Thomas Blanton Jr. is lead out of the courtroom in handcuffs

The words rose and fell over the courtroom, hard to make out, yet clear enough at times to send looks of chilled surprise among the spellbound spectators: "...nigger...bomb...mother-f----' church... .bomb...plan...bomb...''

The voice was that of Thomas E. Blanton, Jr., secretly recorded in the mid-1960s by a Ku Klux Klan buddy turned informant for the FBI, and the tapes helped convince jurors after just three hours of deliberation to convict Blanton, now 62, of the 1963 bombing that killed four young girls at the city's Sixteenth Street Baptist Church.

Addie Mae Collins, Carole Robertson and Cynthia Wesley, all 14, and Denise McNair, 11, were killed in a bomb explosion on the morning of Sept. 15, 1963, an act that horrified the nation and helped lead to passage of a landmark civil rights bill.

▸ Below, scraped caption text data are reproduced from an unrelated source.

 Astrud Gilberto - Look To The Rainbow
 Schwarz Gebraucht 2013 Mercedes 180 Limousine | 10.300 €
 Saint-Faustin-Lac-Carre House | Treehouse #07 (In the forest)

The trial took place 38 years after the fact, but U.S. Attorney Doug Jones argued that was irrelevant: "It's never too late for the truth to be told, it's never to late for wounds to heal, it's never too late for a man to be held accountable for his crimes." In his closing arguments, Jones showed jurors videos of taped statements Blanton made in 1964 and 1965. Blanton has always denied knowledge of the bombing, but had been evasive when the FBI asked him about his whereabouts on the night of Sept. 14, 1963, when agents believe the bomb was placed at the church.

"He remembers everything about that day," Jones said. "But when it comes to that night, he gets fuzzy." Blanton's alibis shifted from his being in various restaurants to simply driving around Birmingham. The state contended that Blanton met with other Klansmen Sept. 13 under a bridge on the Cahaba River and made the bomb that detonated at the church. The jury, composed of eight white women, three black women and one black man, agreed, and gave Blanton four life sentences.

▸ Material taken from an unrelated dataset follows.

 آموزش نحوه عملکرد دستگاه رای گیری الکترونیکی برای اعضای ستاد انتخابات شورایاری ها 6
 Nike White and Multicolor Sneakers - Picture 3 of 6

News of the verdict swept through the city. Dale Short, a free-lance writer who has been covering the trial, had left and stopped by a liquor store. "They had the TV on and it came on and the people started calling out in jubilation," he said. "'He's been charged,' one of them said. And I said, 'You mean convicted?' And they said yeah, convicted."

The damning audio tapes were made by Mitchell Burns, who in 1965 was 35. Now 74, he is a slim, silver-haired man with glasses and a crusty sense of humor. In 1964 he let the FBI plant a tape recorder in his 1956 Chevrolet after an agent showed him a picture of the dead girls. "It was the most horrible thing I ever seen," he said, voice quivering. He later referred to Blanton as "a punk."

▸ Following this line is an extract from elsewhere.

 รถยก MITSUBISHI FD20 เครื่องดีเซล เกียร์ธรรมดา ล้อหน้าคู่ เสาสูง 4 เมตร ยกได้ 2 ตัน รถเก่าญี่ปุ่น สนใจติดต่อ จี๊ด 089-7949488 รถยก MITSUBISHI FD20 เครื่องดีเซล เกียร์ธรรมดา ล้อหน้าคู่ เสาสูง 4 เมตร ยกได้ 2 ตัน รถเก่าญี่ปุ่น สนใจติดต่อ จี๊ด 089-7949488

On the tapes, Blanton boasts, "I was on the corner watching the big blast." As he listened in the Birmingham courtroom to the nearly four-decades-old recording, Burns removed his glasses and wiped at his eyes.

Burns said that Blanton liked to return to the scene of the bombing. In one case, as they drove by the church, Blanton is heard saying, "They ain't going to catch me when I bomb my next church."

Laughter. Then Burns says, "How'd you do that?"

"It wasn't easy, I tell you."

Will the conviction bring an end to the nightmarish memory that has haunted Birmingham all these years? Willoughby Anderson, 22, a Harvard graduate from Birmingham who wrote a thesis on the church bombing, isn't sure. "I don't think justice is possible after 38 years," she says. "But I think this is important for Birmingham just to be talking about this painful and embarrassing moment of our history."

However, the Rev. Abraham Lincoln Woods, president of the Birmingham chapter of the Southern Christian Leadership Conference, was more positive about the result. "It makes a statement around the nation and the world. If a guilty person can go without being brought to justice it means that the life of a black is not as valuable as a white."